### Task statement
Here the job is to transcribe the data exactly while omitting the images.

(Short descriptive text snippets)
★ ★ ★ ★ ★ ★ ★

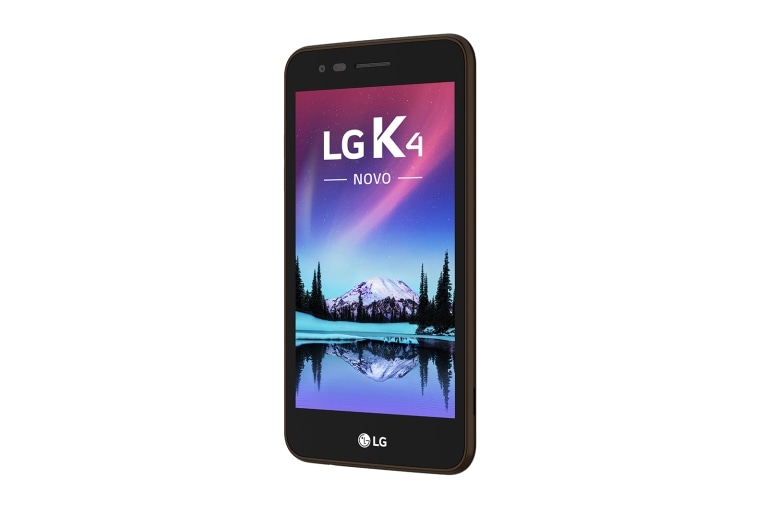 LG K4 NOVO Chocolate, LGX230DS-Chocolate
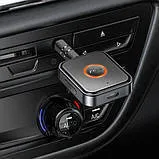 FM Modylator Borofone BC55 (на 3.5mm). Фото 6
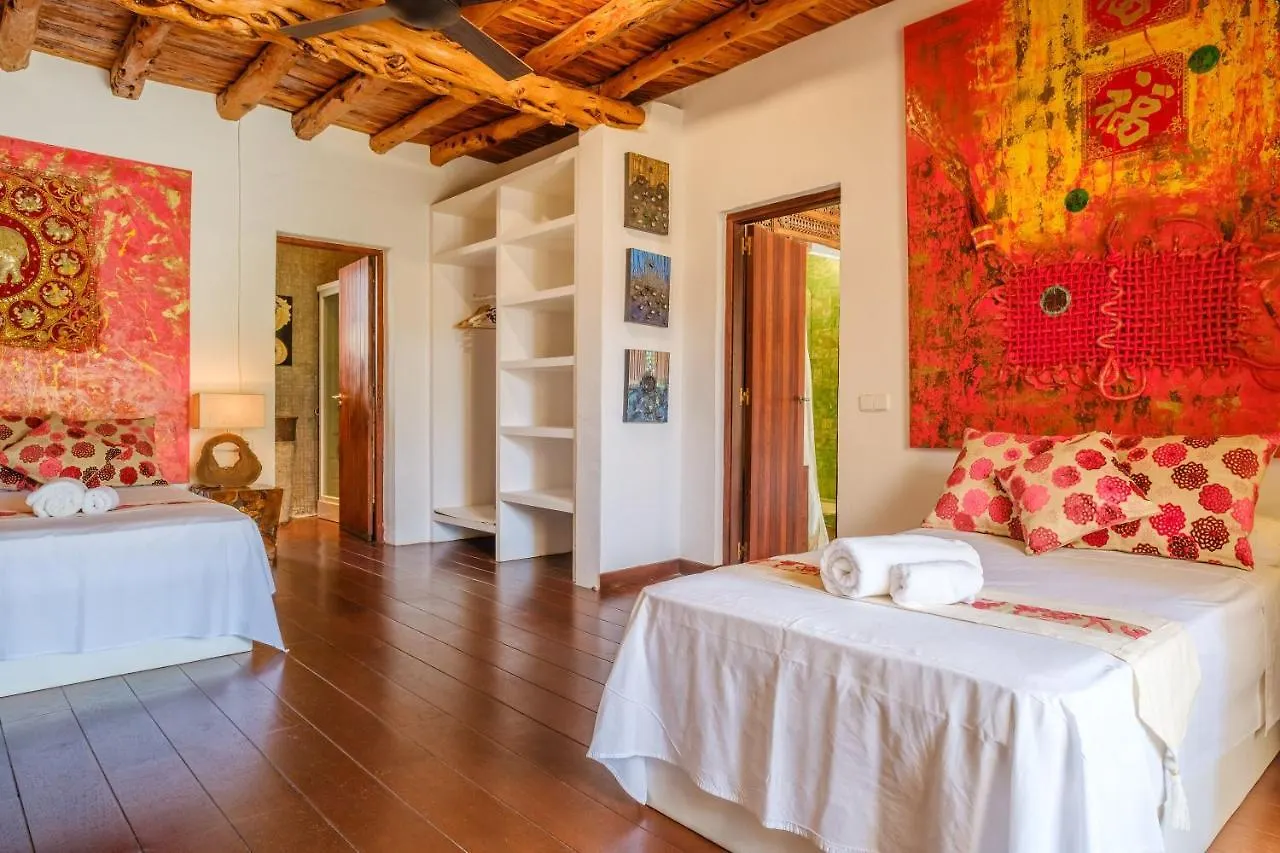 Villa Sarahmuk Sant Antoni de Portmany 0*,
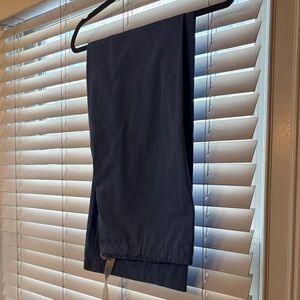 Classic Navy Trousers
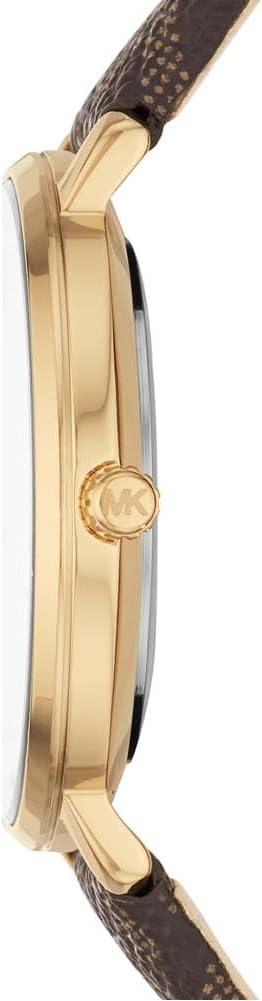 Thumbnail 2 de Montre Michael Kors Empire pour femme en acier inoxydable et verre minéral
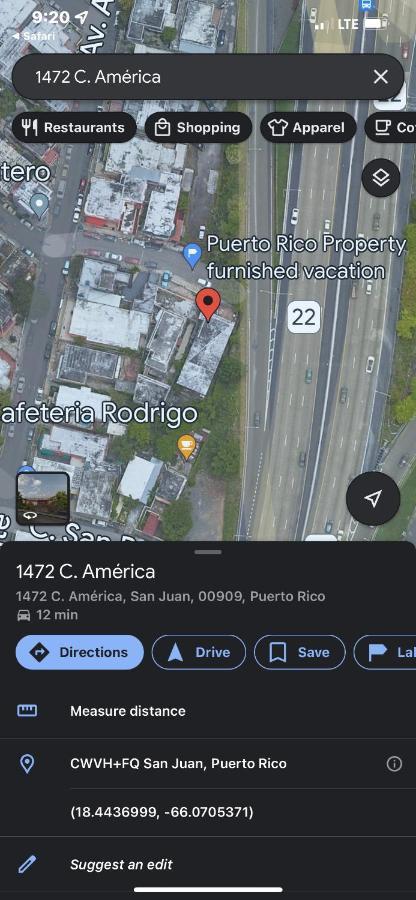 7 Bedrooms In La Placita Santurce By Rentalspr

★ ★ ★ ★ ★ ★ ★

### Your response
 LG K4 NOVO Chocolate, LGX230DS-Chocolate
 FM Modylator Borofone BC55 (на 3.5mm). Фото 6
 Villa Sarahmuk Sant Antoni de Portmany 0*,
 Classic Navy Trousers
 Thumbnail 2 de Montre Michael Kors Empire pour femme en acier inoxydable et verre minéral
 7 Bedrooms In La Placita Santurce By Rentalspr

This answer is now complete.